Nicola Wilson affirme un style très fort. Il y a dans son écriture beaucoup d’images, d’échos. Elle n’a pas peur d’envoyer valser toute forme de linéarité pour fragmenter son récit en une myriade de scènes, à l’image du titre original, certaines semblables à des plaques, en référence aux amas de protéines qui se forment dans le cerveau atteint, d’autres plus ramifiées, comme les écheveaux ou tangles qui attaquent les neurones. Mais surtout, elle mêle avec beaucoup d’aisance des scènes apparemment « réalistes » de rencontre ou de famille avec des hallucinations cauchemardesques de Megan, introduit parfois un même personnage, du passé ou de l’avenir, dans le présent, pour mieux briser les frontières entre la réalité et la vision.
La pièce nous raconte ainsi une histoire – celle de Megan – à travers le prisme de la maladie, mais elle nous offre en même temps une véritable expérience – du temps, du souvenir, de la scène – pour nous faire prendre conscience de la fragilité, de la faillibilité, mais aussi de la virtuosité de notre cerveau.
Adélaïde Pralon
« Le sentiment de continuité du Moi s’enracine dans la mémoire. Lorsque celle-là fait défaut, la démence n’est pas loin et seule l’identité sociale subsiste comme élément stable pour désigner la permanence de la personne », Vincent de Gaulejac, « Identité » [1].
La Maladie de Deter est une comédie tragique où l’héroïne assaillie par les hallucinations ou les souvenirs devient, comme dans les tragédies antiques, le jouet d’une destinée aveugle et intraitable.
En s’attaquant à l’une des grandes questions de société de notre temps – la maladie d’Alzheimer – Nicola Wilson ne cherche ni à faire débat, ni à faire pleurer dans les chaumières. Sa démarche est plutôt celle de l’empathie. Comment vit-on quand on sait qu’on risque de développer un jour cette terrifiante maladie ? Malgré tout, par la comédie et l’humour, elle arrive à nous surprendre, à nous faire rire… à nous faire oublier pour un temps l’issue fatale.
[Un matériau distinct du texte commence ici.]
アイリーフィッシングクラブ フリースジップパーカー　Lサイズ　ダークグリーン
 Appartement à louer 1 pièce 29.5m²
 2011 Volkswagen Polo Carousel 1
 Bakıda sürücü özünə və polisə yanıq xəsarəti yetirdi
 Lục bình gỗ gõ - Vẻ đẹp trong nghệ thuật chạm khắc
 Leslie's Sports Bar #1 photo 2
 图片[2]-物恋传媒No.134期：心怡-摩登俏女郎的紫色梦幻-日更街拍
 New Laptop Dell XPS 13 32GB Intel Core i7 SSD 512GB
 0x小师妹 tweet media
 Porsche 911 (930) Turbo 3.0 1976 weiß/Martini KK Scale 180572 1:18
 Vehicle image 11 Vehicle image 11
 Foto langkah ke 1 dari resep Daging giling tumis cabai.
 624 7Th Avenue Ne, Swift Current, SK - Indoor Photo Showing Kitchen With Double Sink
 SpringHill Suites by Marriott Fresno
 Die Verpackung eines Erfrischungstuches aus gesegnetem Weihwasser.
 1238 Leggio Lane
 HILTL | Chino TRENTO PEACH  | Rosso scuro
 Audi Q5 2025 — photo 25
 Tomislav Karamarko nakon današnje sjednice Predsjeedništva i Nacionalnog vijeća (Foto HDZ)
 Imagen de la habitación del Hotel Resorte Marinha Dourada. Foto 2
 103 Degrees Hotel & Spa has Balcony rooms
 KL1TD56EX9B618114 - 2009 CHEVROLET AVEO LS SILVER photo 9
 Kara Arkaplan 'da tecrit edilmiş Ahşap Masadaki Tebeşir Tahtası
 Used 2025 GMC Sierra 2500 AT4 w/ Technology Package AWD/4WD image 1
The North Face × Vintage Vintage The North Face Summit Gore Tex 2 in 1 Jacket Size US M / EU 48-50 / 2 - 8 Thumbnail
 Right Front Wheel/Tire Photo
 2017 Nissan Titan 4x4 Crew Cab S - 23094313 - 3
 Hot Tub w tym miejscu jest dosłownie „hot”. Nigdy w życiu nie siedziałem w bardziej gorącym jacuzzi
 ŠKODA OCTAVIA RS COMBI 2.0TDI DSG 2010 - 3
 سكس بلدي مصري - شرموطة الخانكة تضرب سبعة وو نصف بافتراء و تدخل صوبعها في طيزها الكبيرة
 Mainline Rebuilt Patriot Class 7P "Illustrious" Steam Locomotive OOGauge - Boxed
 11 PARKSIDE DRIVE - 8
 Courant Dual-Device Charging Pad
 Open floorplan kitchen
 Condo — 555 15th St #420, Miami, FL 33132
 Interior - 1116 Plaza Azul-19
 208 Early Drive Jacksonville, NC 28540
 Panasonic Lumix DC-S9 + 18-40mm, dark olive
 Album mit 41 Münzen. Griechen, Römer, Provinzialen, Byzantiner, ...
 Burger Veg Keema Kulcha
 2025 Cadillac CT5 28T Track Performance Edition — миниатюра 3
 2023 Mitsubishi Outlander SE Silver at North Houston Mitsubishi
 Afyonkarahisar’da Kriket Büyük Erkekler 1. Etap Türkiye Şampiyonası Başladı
À la fois jeu sur le langage, sur sa faculté de construction et d’association (sa dégénérescence dans la pièce étant comme une allégorie de l’effacement par la maladie de certaines zones du cerveau) et sur la mémoire, la relation à soi, à la continuité du moi, la pièce fait également réfléchir sur la relation aux autres. En quoi le lien social et affectif qui s’appuie aussi bien sur des nécessités de justice, de logique, de cohérence, que de souci de l’autre peut-il être détruit quand ces fondements-là disparaissent ?
Car le mari, les enfants de Megan, tous dépeints avec la même légèreté de toucher, la même finesse de trait, sont autant de victimes collatérales… Se pose ainsi dans son acuité la question de la force, de la résistance du lien qui tente de persister face à la destruction de la personnalité de l’héroïne. Jusqu’au moment où – déjà bien entamé par l’indifférence, l’incompréhension, l’incohérence – l’aberration conjuguée à l’épuisement de toutes les réserves de patience pourraient bien avoir raison de lui. Et néanmoins, cette pièce est un énorme hommage à l’amour et à la vie.
Gisèle Joly
[1]. In J. Barus-Michel, E. Enriquez, A. Lévy (sous la dir.), Vocabulaire de psychosociologie, références et positions, Paris, Érès, 2002.